Maç başladığı andan itibaren Sociedad’ın Gijon’dan üstün olduğunu net bir şekilde anlayabildik. Ancak Sociedad’da Gijon’da bu ligde tutunması kolay olan ekiplerden olmayacak buna daha ilk maçtan kesin gözüyle bakabiliriz. Birbirlerine taktiksel anlamda üstünlük kurabildi mi diye soracak olursanız kesinlikle hayır derim. Ancak Sociedad’da kaliteli ayak sayısı daha fazla. Maç içinde Gijon’da sadece De Las Cuevas parladı. Gerçekten sağ ayağına hakim bir oyuncu. Bütün duran toplar onda. Gijon onun ayağına bakıyor dersek yeğdir. Bu maç sayesinde De La Cuevas radarıma takılmış durumda. Bakalım nasıl bir gelişim gösterecek 25 yaşındaki oyuncu.

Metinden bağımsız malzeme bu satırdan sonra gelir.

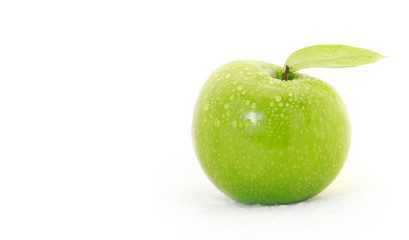 green apple  sliced on a white background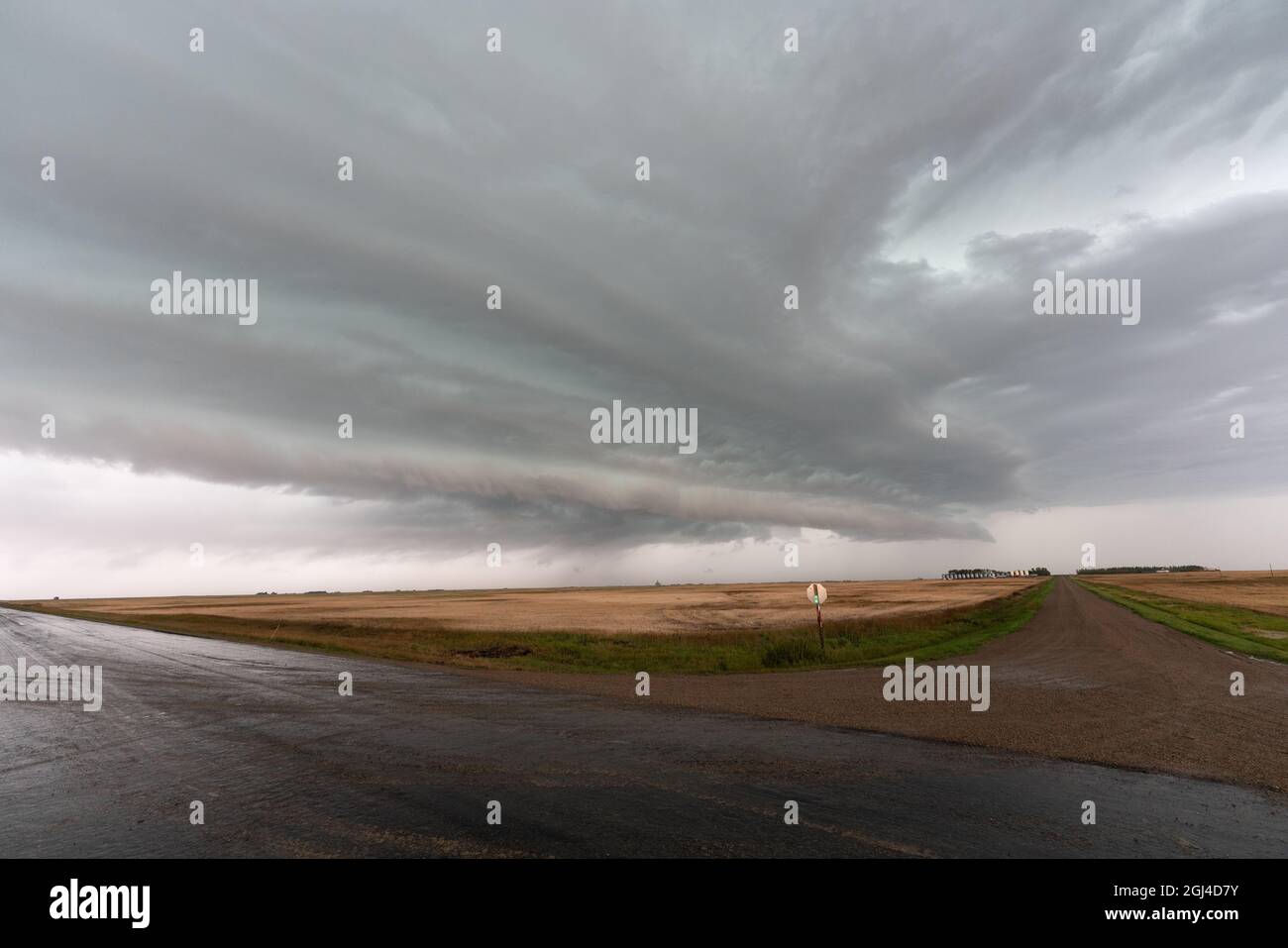 Prairie Storm Canada Summer time clouds warning Stock Photo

Orta saha mücadelesi şeklinde geçen mücadele sonucu 35. dakikada ilk defa organize bir pas ağı yapan Sociedad; Aggiretxe ile şık bir kafa golü buldu. Sociedad’ın bu dakikadan sonra çok daha rahat oynadığını söyleyebiliriz. 65.dakikada ikinci kez usta işi paslaşmalar yapıp yine Aggiretxe’nin kafasından golü bulup daha da rahatladı Sociedad. Ancak 2 dakika sonra Carlos Martinez bir penaltı “yaptırdı” ve topun başına o çok beğendiğim De Las Cuevas geçti. Nitekim golü de şık bir vuruşla hanelerine yazdırdı. Bu dakikadan sonra Gijon’un daha atak olduğunu düşünüyorsanız yanılıyorsunuz. Maç normalinde ilerledi. Bitime 2 dk kala da ev sahibi ekipten Lora kırmızı kartı gördü. Maç da 2-1’lik Sociedad üstünlüğüyle sona erdi.
Bu maçın önemi nedir benim için? Şudur: San Sebastian’dan çıkan alt yapı mahsülü gençler 2-3 yıl içinde tekrar atağa geçecekler. Nihatlı Kovacevicli Sociedad’ı unutmadınız umarım? Kazanan her zaman alt yapı olsun diyorum ve Sociedad’ı tebrik ediyorum.